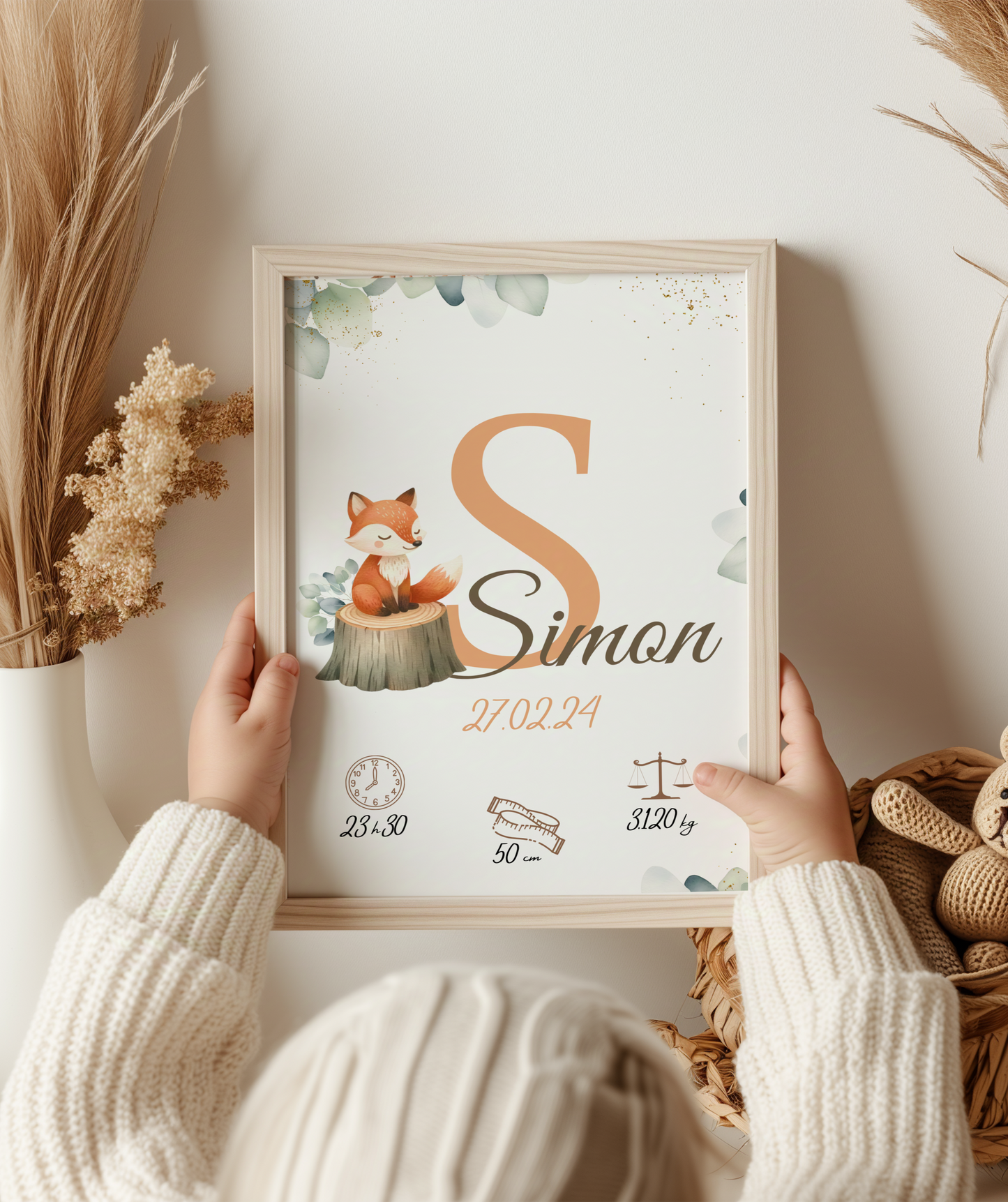 Affiche personnalisée, renard sur tronçon de bois avec eucalyptus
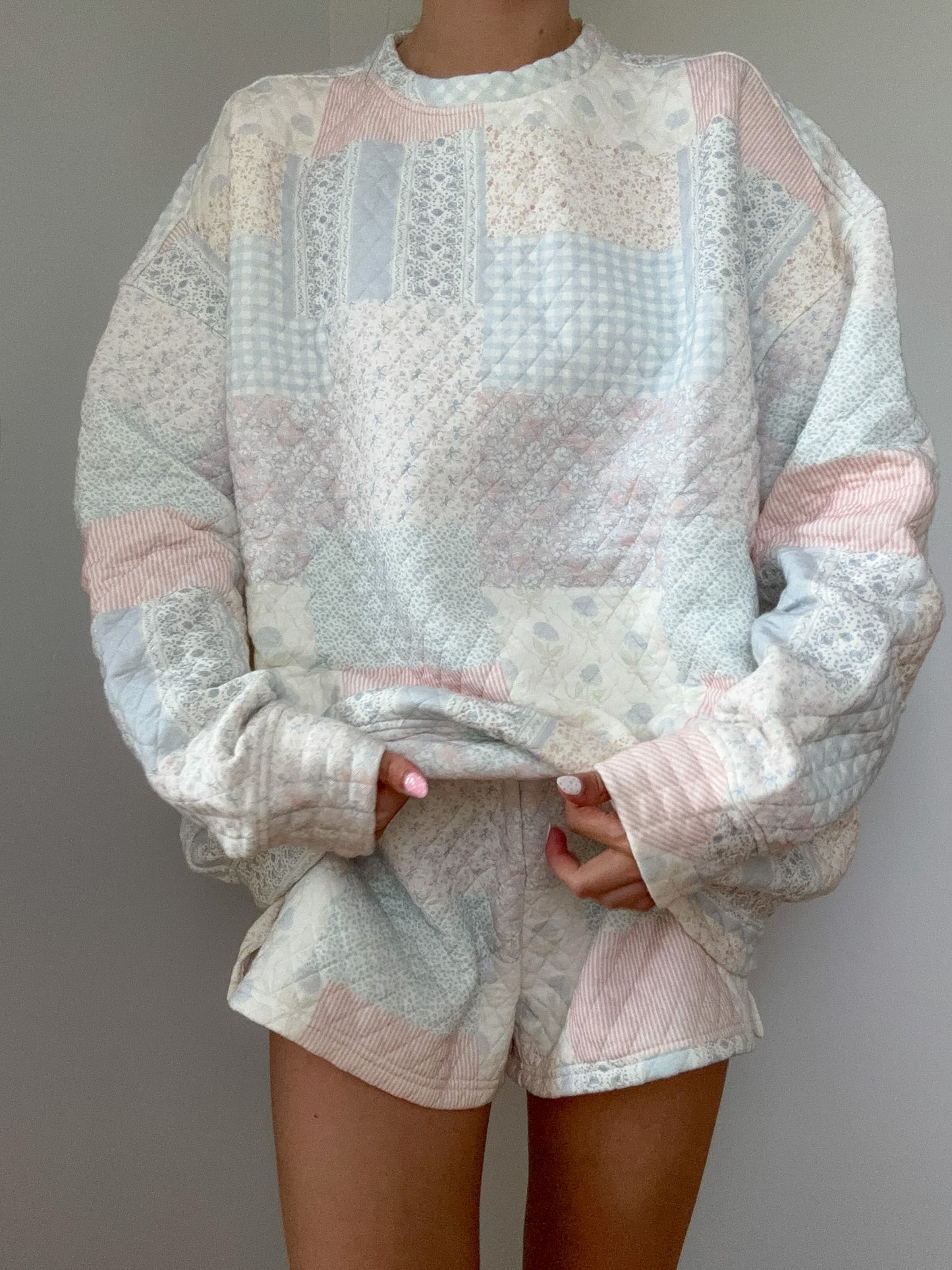 Shades Of Blue Quilted Pastel Sweatshirt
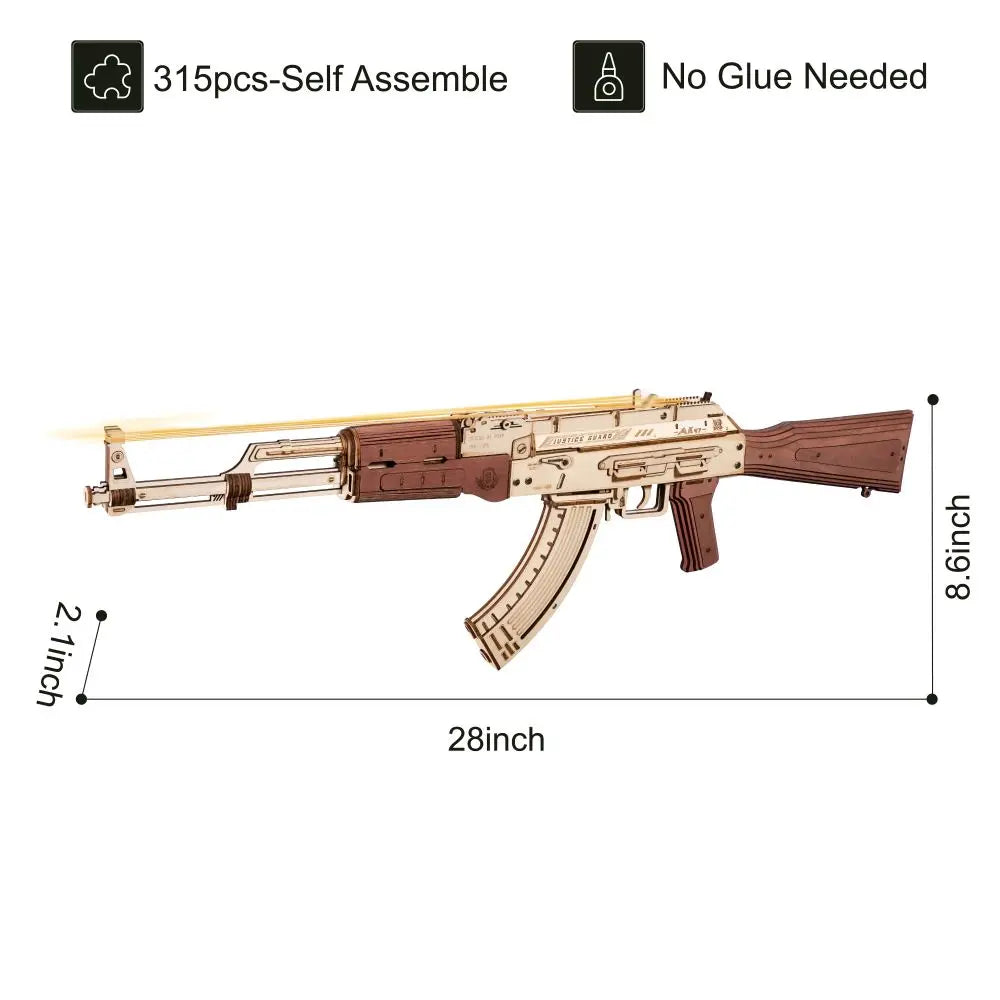 Robotime Rokr AK47 3D Wooden Gun Funny DIY Building Toy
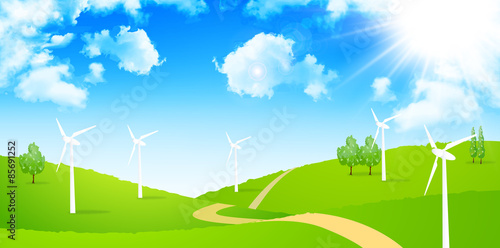風力発電　空　背景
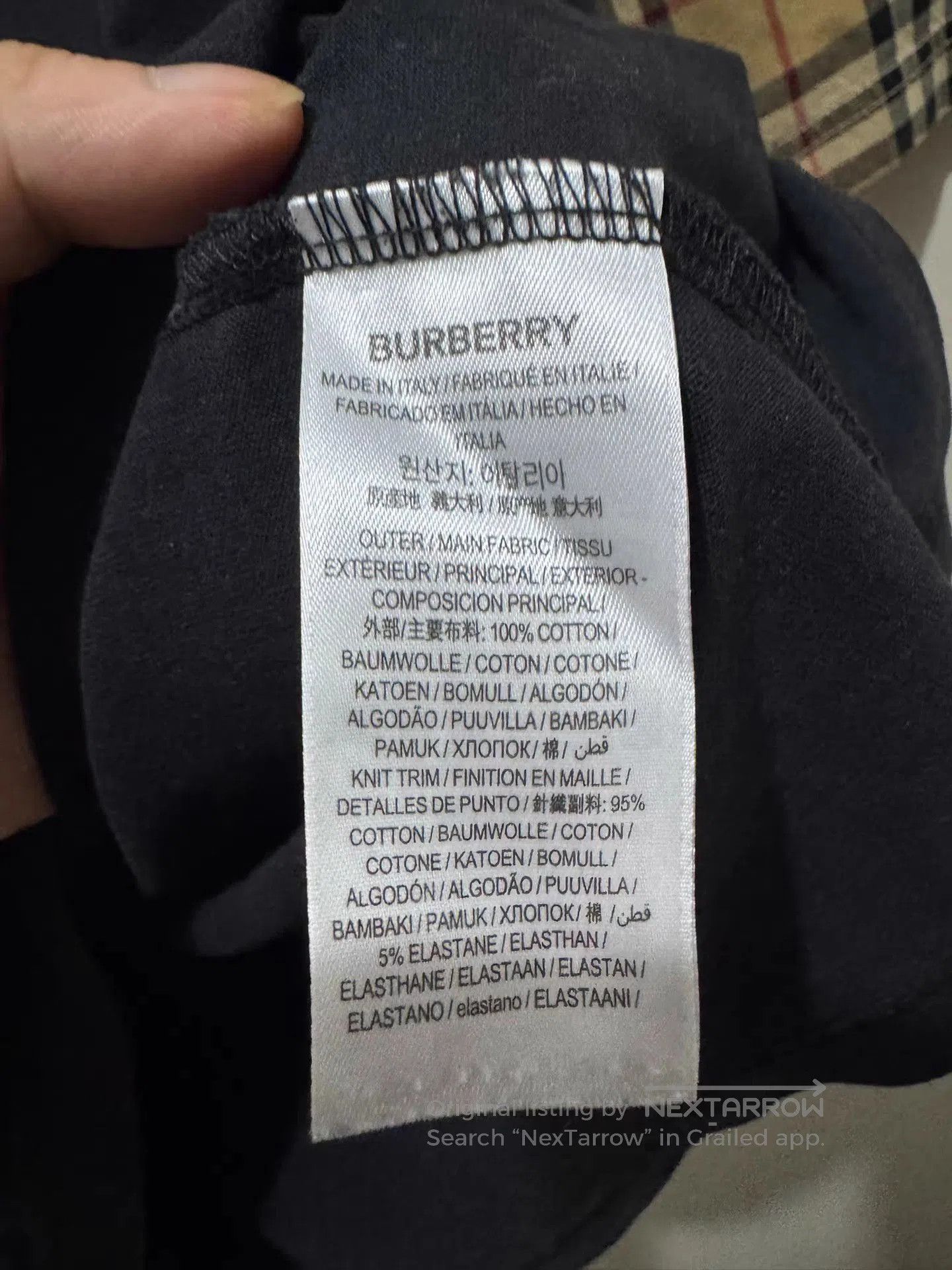 Burberry Black Short Sleeve Shirt with Plaid Sleeves. Size US M / EU 48-50 / 2 - 3 Thumbnail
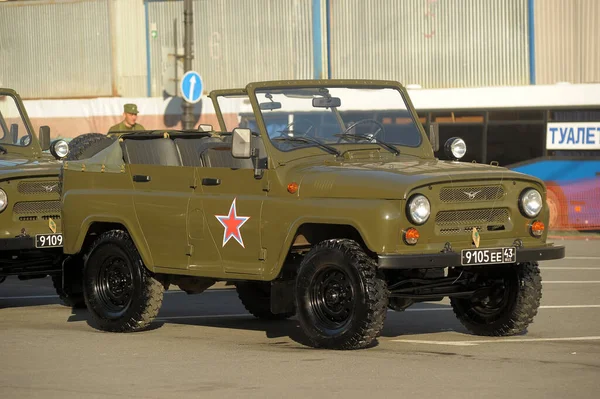 Ryssland Petersburg 2016 Uaz Militärfordon Som Förberedelse Inför Segerparaden — Stockfoto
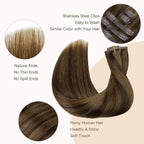 GOO GOO Clip in Hair Extensions Real Human Hair, Remy Human Hair Extensions Clip ins for Women, Natural Human Hair, 20 Inch 130g 7Pcs, 2C/4E/6C Brown Sugar Swirl Highlights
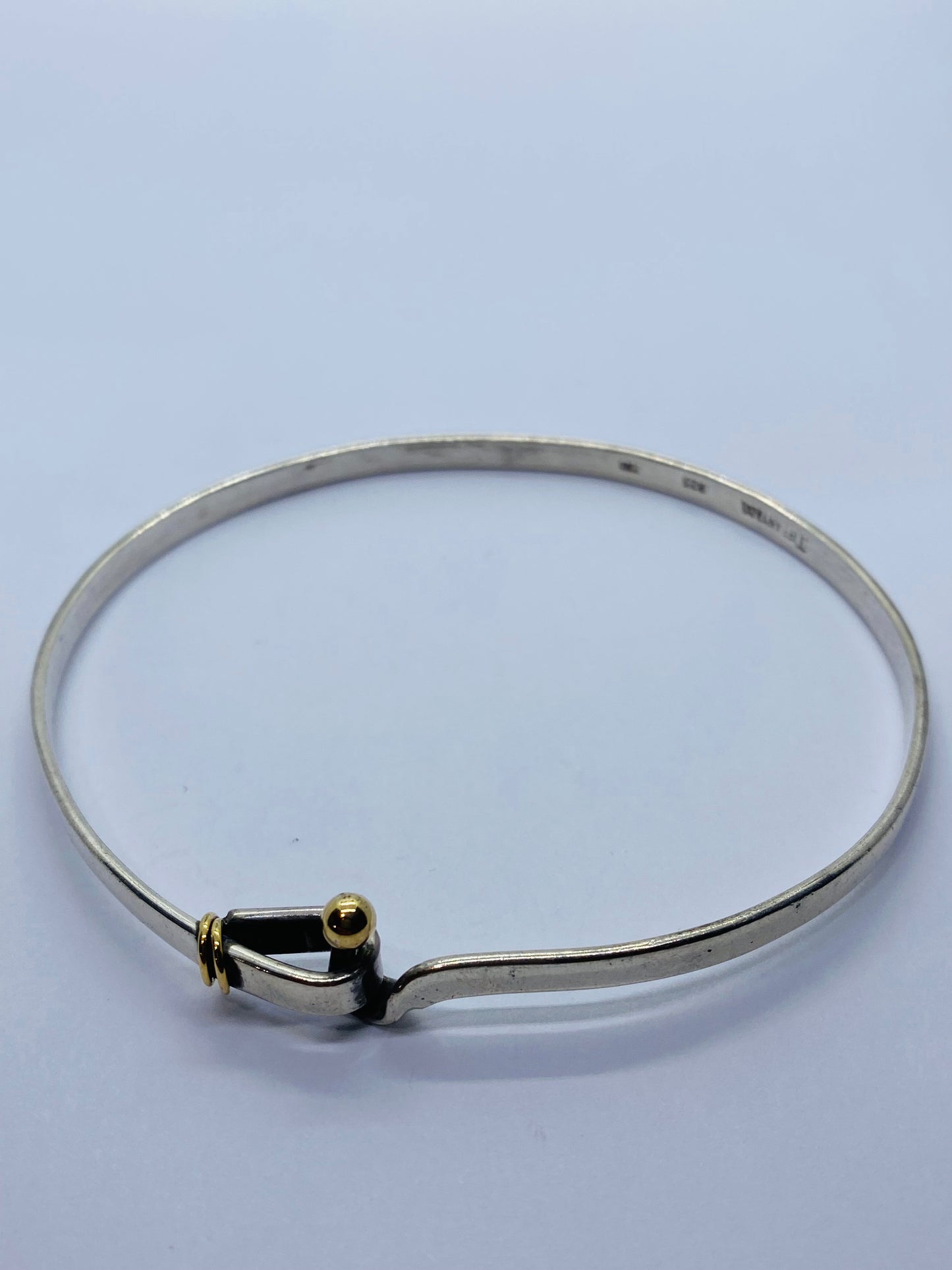 RARE XXL Tiffany & Co. Vintage 925/18k Hook Bangle Bracelet 9.5” 3.1” Diameter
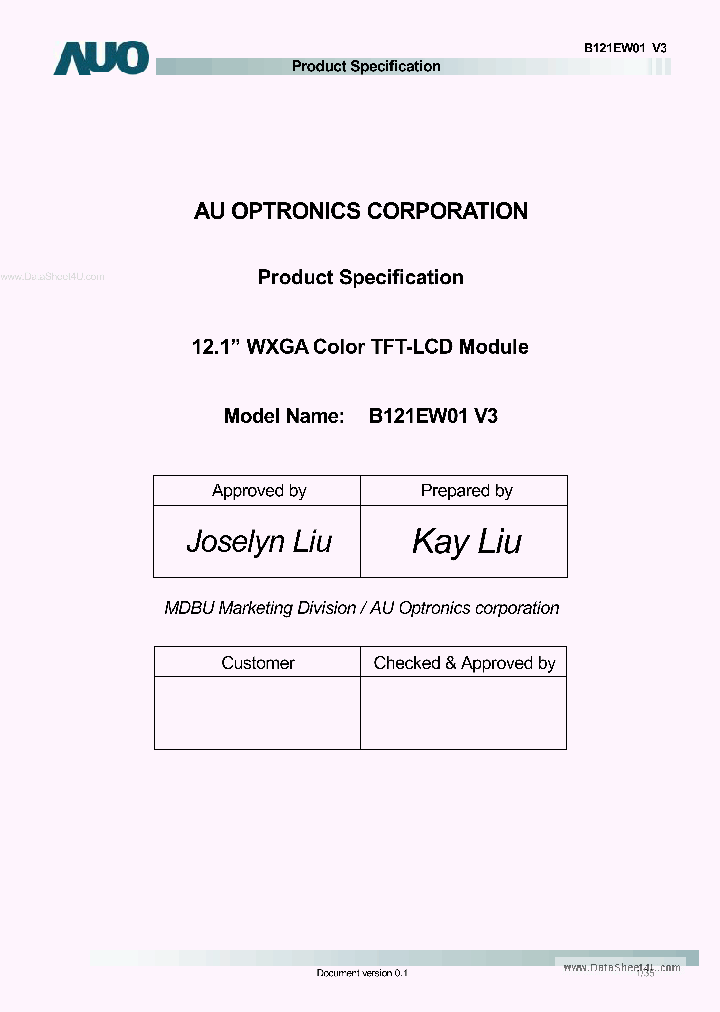 B121EW01_5393547.PDF Datasheet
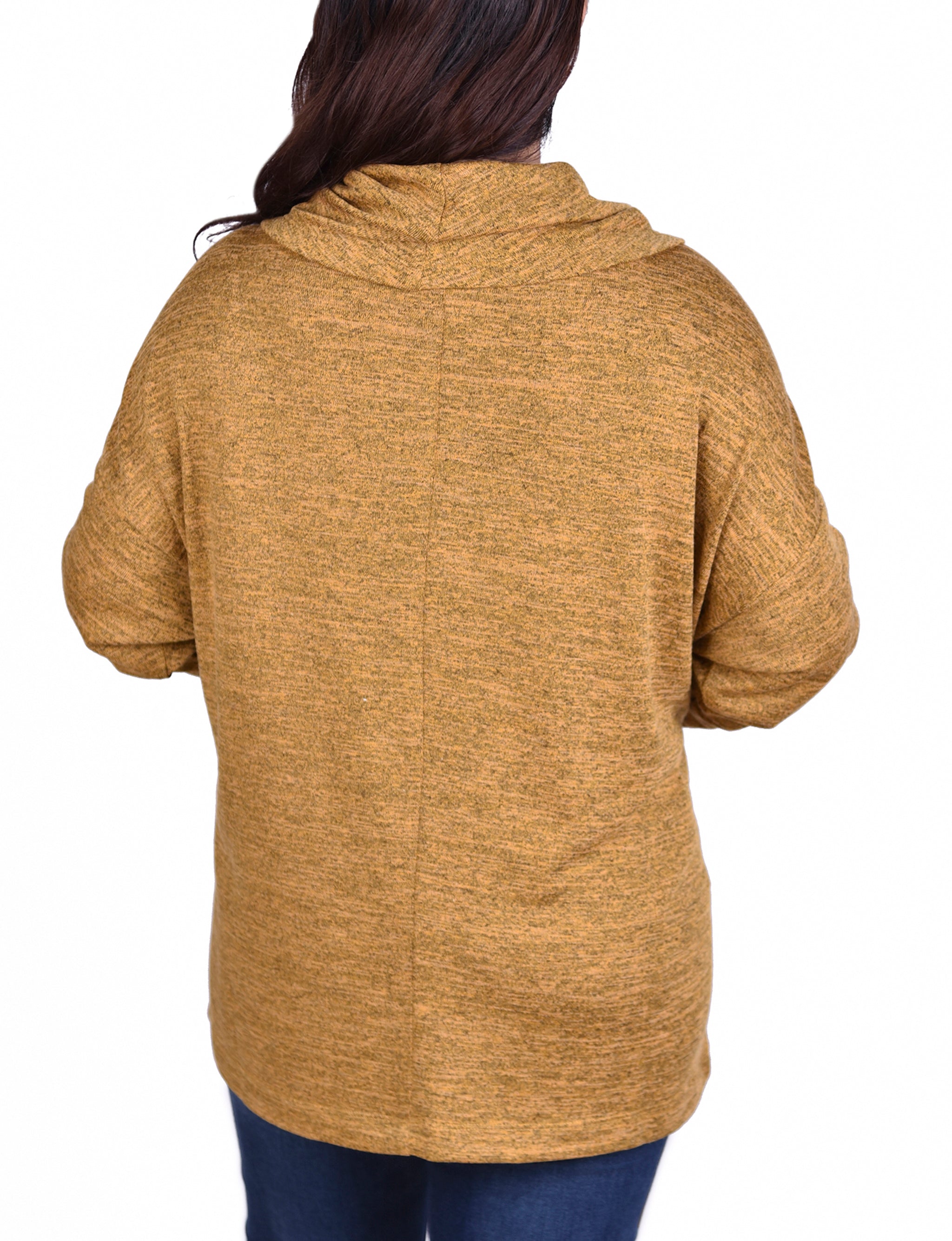  NY Collection Plus Size Long Sleeve Cowl Neck Top With Button Detail - Burgundy - Bonton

*****

● ASSIGNMENT: Exactly the lines from the top of the listing through the line with "RARE XXL Tiffany", and no pictures, should be printed.

● SOLUTION FOR THIS PROBLEM:
 Affiche personnalisée, renard sur tronçon de bois avec eucalyptus
 Shades Of Blue Quilted Pastel Sweatshirt
 Robotime Rokr AK47 3D Wooden Gun Funny DIY Building Toy
風力発電　空　背景
 Burberry Black Short Sleeve Shirt with Plaid Sleeves. Size US M / EU 48-50 / 2 - 3 Thumbnail
 Ryssland Petersburg 2016 Uaz Militärfordon Som Förberedelse Inför Segerparaden — Stockfoto
 GOO GOO Clip in Hair Extensions Real Human Hair, Remy Human Hair Extensions Clip ins for Women, Natural Human Hair, 20 Inch 130g 7Pcs, 2C/4E/6C Brown Sugar Swirl Highlights
 RARE XXL Tiffany & Co. Vintage 925/18k Hook Bangle Bracelet 9.5” 3.1” Diameter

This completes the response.